But the Lord had yet pity on His people and took away the locust and gave all the necessary rain (2: 18 - 27); He proved once again "You shall know that I am in the midst of Israel and that I, the Lord, am your Lord, and there is none else" (2: 27 RSV). This period of great trouble was not yet the Day of the Lord.

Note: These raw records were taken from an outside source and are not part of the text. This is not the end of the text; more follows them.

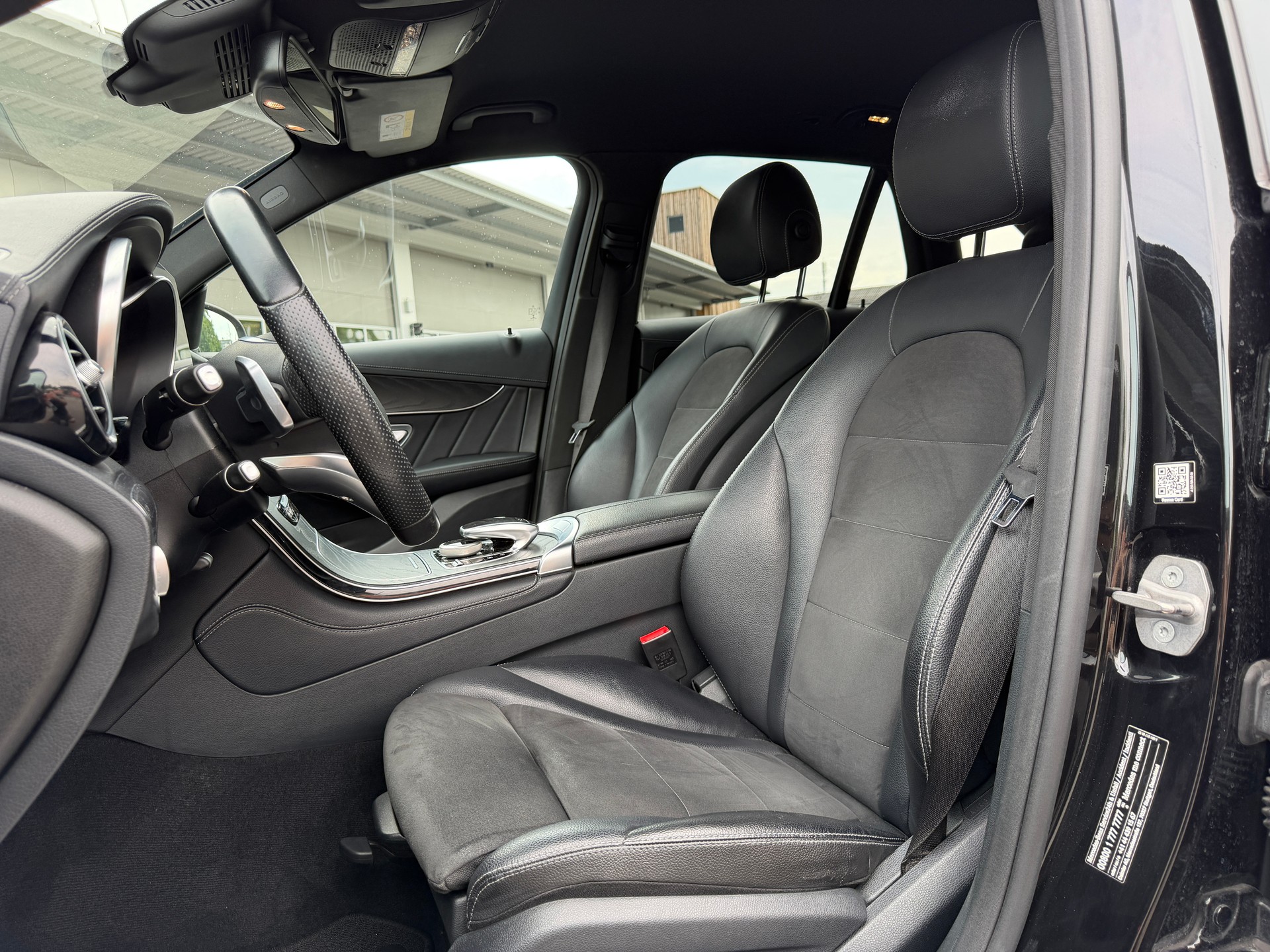 MERCEDES-BENZ GLC 300 4Matic AMG Line 9G-Tronic-image-7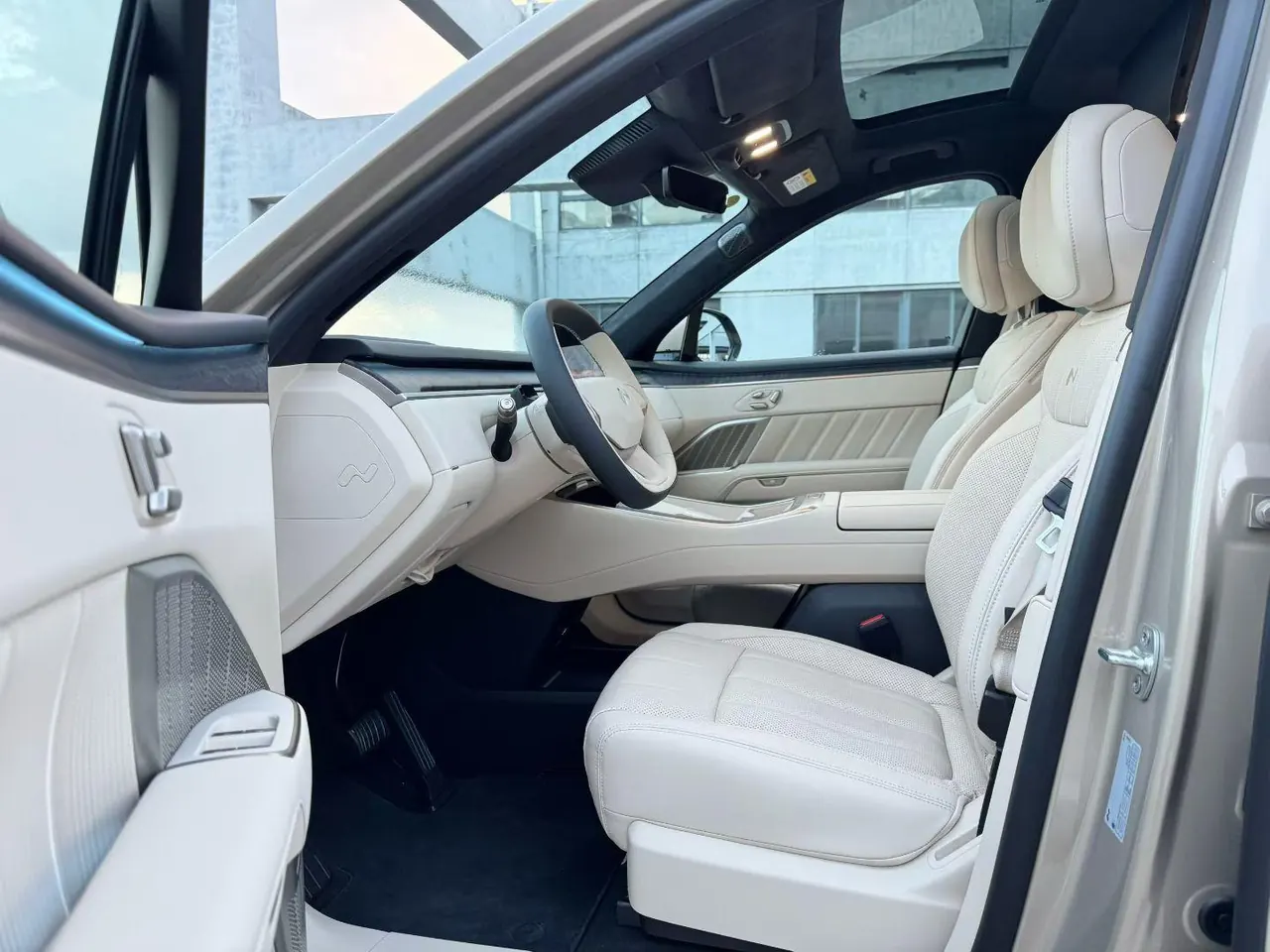 ONVO 2026 L90 Max six-seat automatic gear 2
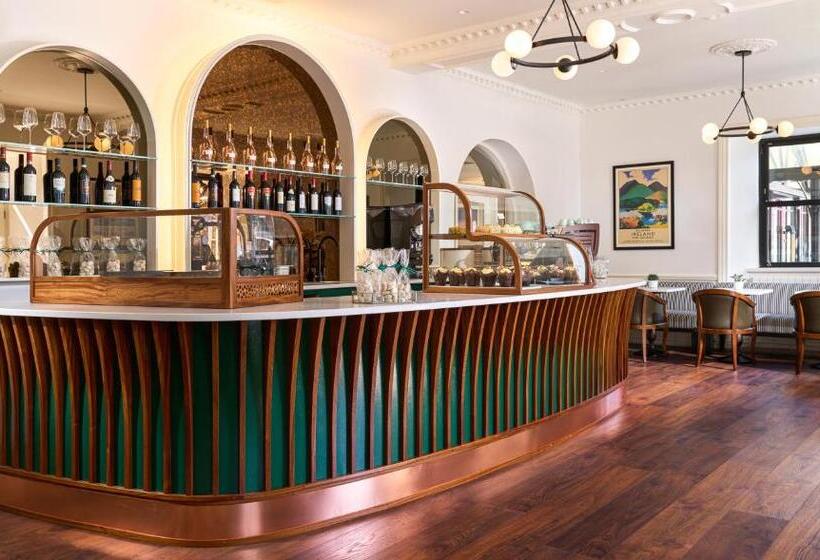 هتل The Lansdowne Kenmare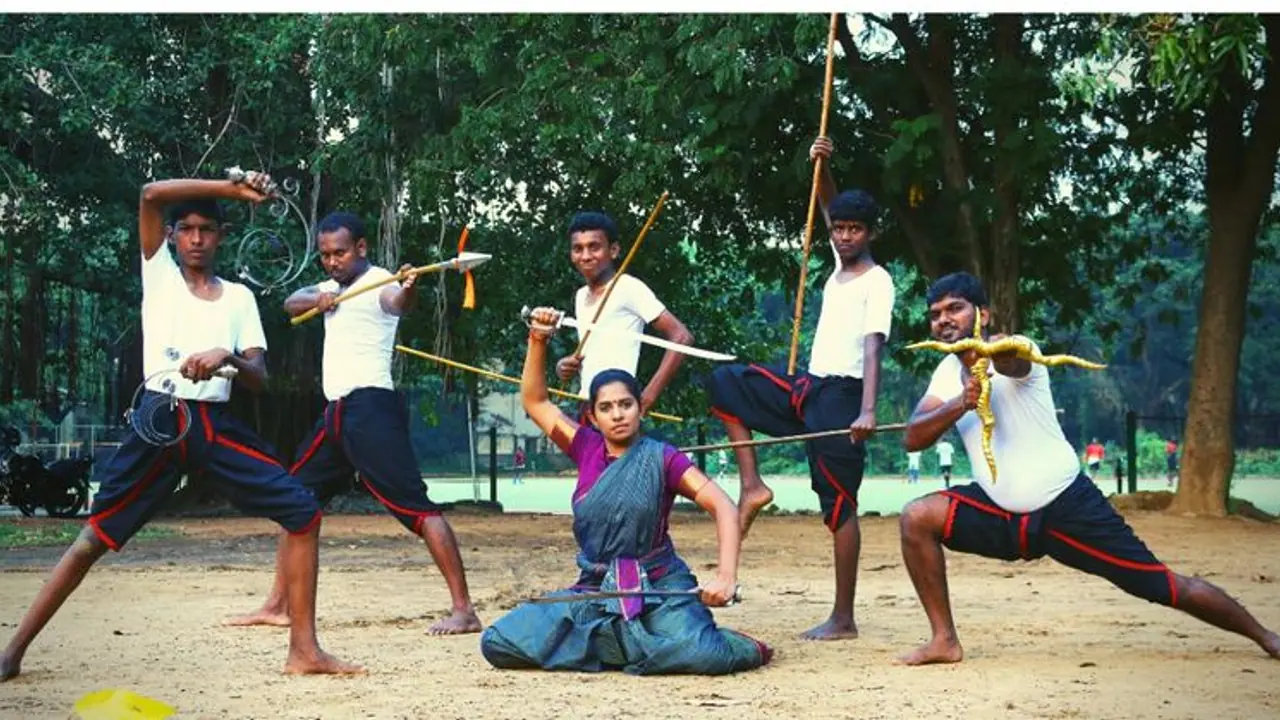 ஓசூரில் 100 பள்ளி மாணவர்கள் 2 மணி நேரம் சிலம்பம் சுற்றி உலக சாதனை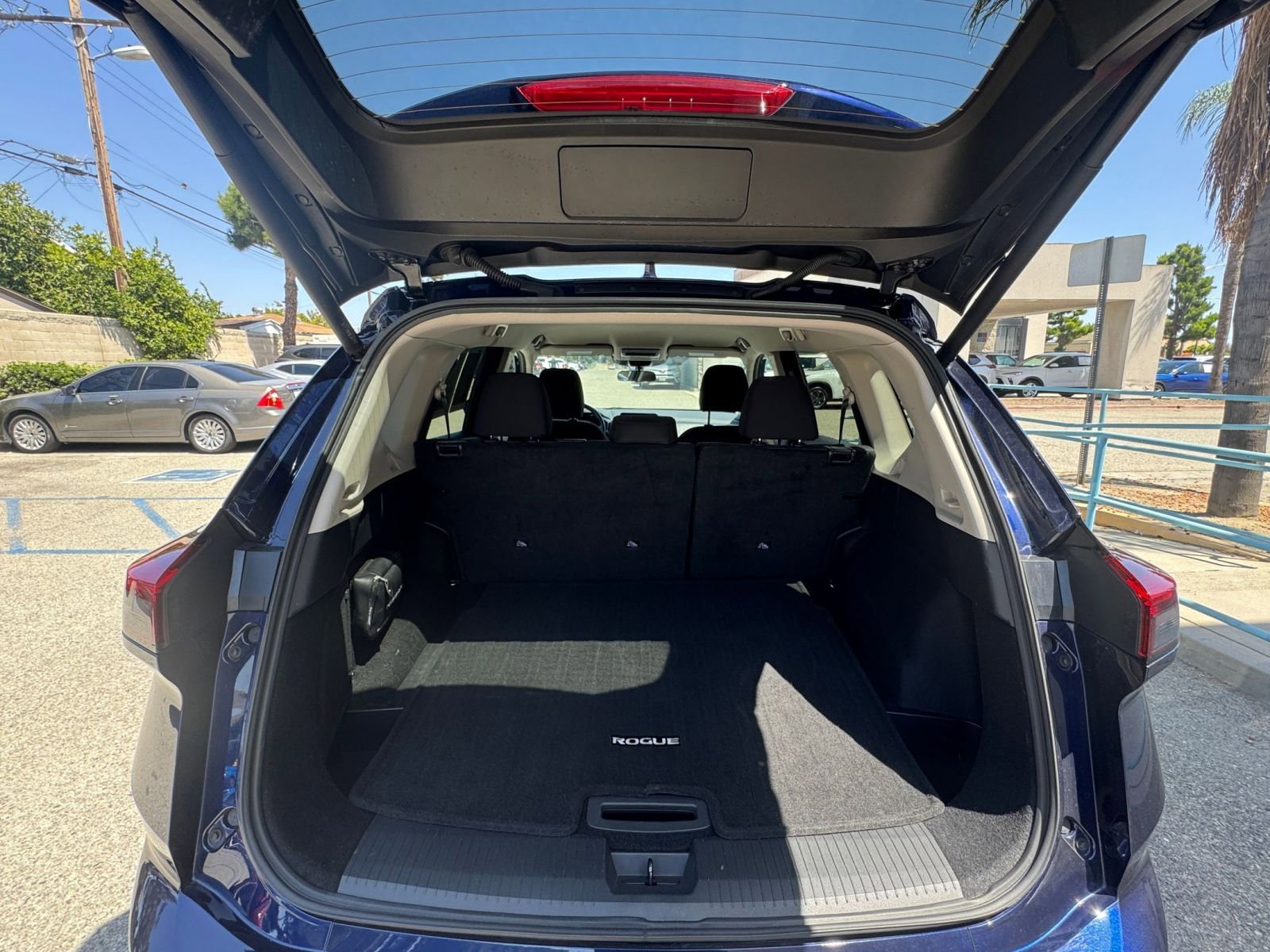 Used 2025 Nissan Rogue SV FWD image 33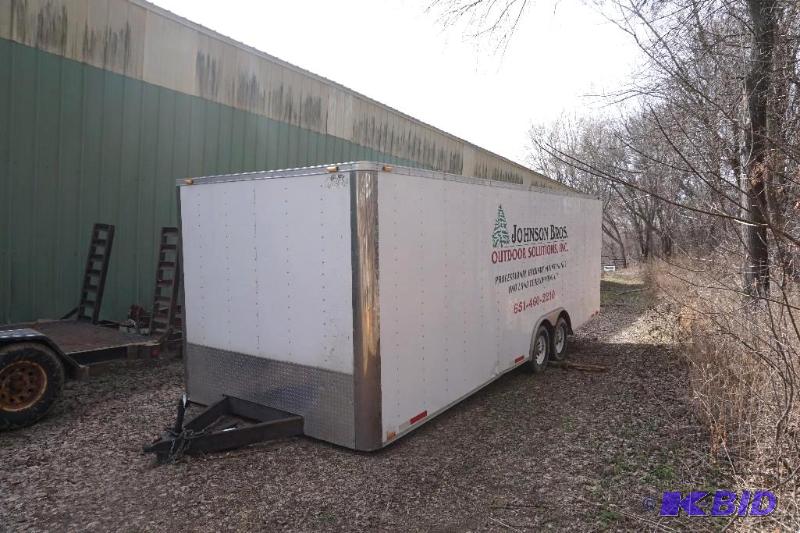 2005 Cargo Mate 24 Tandem Axle Enclosed Trai...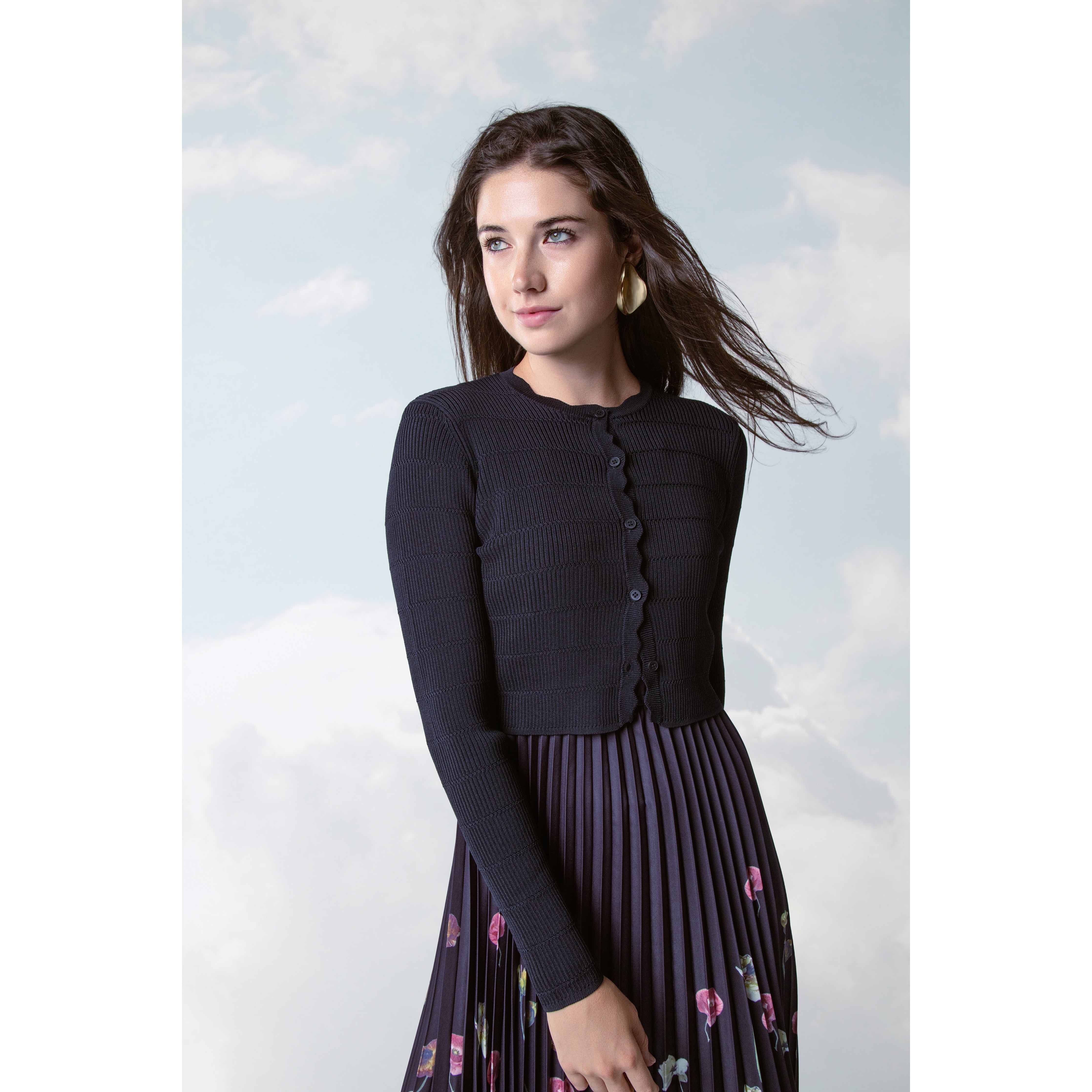 BLACK ISLA CARDIGAN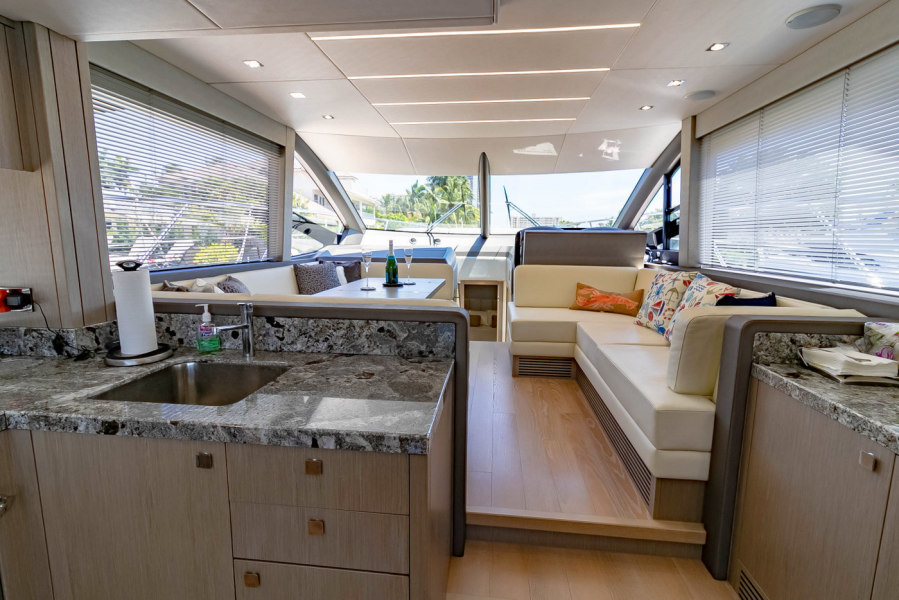 52' 2018 Sunseeker Manhattan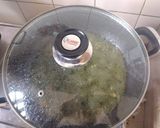 A picture of step 8 of Green Singaporiean Rice.
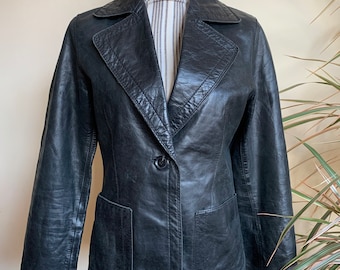 Blazer de cuero negro vintage de los años 90 para mujer, blazer de un solo botón de cuero desgastado estilo bohemio, chaqueta de cuero auténtico de corte entallado, talla S M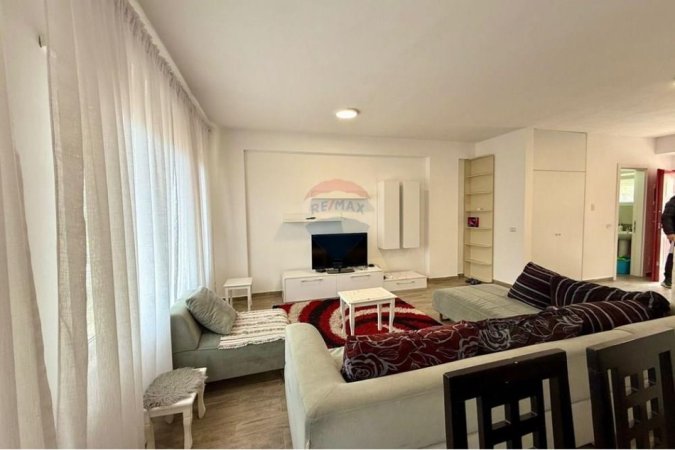 Tirane, jepet me qera apartament duplex Dublex Kati 1, 120 m² 600 € (kodra e diellit)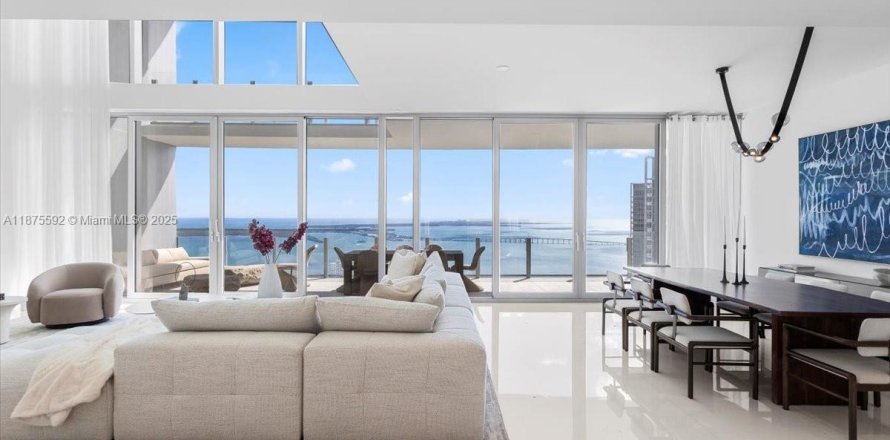 Condo in Miami, Florida, 5 bedrooms № 1927772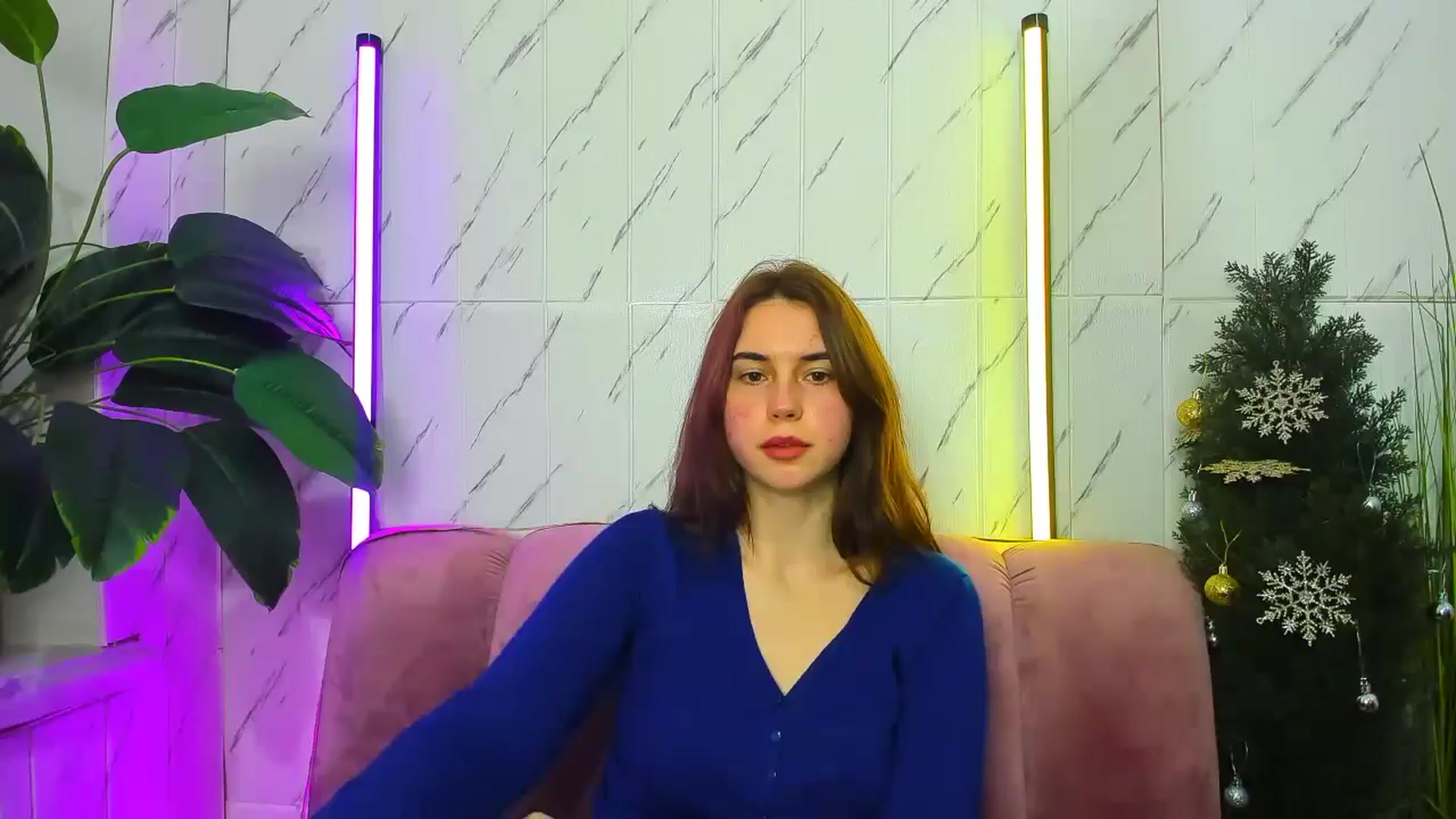 Gallery image thumbnail from EmberMoon's myfreecams stream on, 12/22/2024, 12:04 image 18 of 20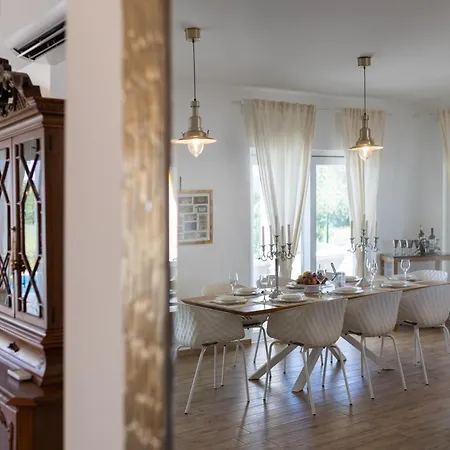 Olivia - Peaceful Family Paradise Near Willa *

As a matter of fact, the Day will not come, says the Lord, until He has poured out His Spirit on "all people". First the outpouring of His Spirit, then the Day of the Lord. Now please note that the outpouring of His Spirit is to be on "all flesh" (RSV); but this "all flesh" means all Israel, vs. 28: your sons, your daughters, your old men, your young men, your menservants, your maidservants, all Israel, all ages, both sexes, and every social standing. There is no sign that Joel ever thought for one moment of an outpouring of God's Spirit on people of all races and nations, on masses of converted heathens. "All flesh" here means for Joel "all Israel".

"All flesh" by Peter

Then, what does Peter mean when he speaks of the outpouring of God's Spirit upon all flesh, Acts 2: 17? Peter also thinks practically only of Israel: vs. 22 "Men of Israel", vs. 29 "Brothers", vs. 36 "all Israel", and finally vs. 38, 39 "Repent, and be baptized every one of you (= Israel), in the name of Jesus Christ for the forgiveness of your sins; and you shall receive the Holy Spirit. For the promise (of the Holy Spirit in Joel) is to you and to your children (= all Israel gathered from over the whole world, Acts 2: 5 I 1), and to all that are far off, everyone whom the Lord our God calls to Him." Only here at the very end, is the door left open for non-Jews. Yet Peter himself did not even understand this, nor did the other apostles, as Acts 10, 11: 1 - 18 clearly show.

Israel and the Church

Joel and Peter stand here shoulder to shoulder: great unity between O.T. and N.T. Many people today believe that the Holy Spirit is only poured out on the Church, not on the nation Israel. They believe that one day the Church of the Lord Jesus Christ, including Christian Jews, will secretly and silently disappear to be with the Lord Jesus in heaven for a number of years, and that therefore the Holy Spirit will also be taken away from the earth, since He is poured out on the N.T. Church only (see for instance the Scofield Reference Bible p. 1272 note 1, and the Ryrie Study Bible note botl?, on II Thessalonians 2: 7). After that "rapture" the nation Israel will once again be the people through whom the Lord works on the earth, so they say. But Joel and Peter through the inspiration of the Holy Spirit show clearly that it was God's purpose to pour His Spirit on all Israel - and that the converted , Gentiles are added as the Lord our God calls them to Himself.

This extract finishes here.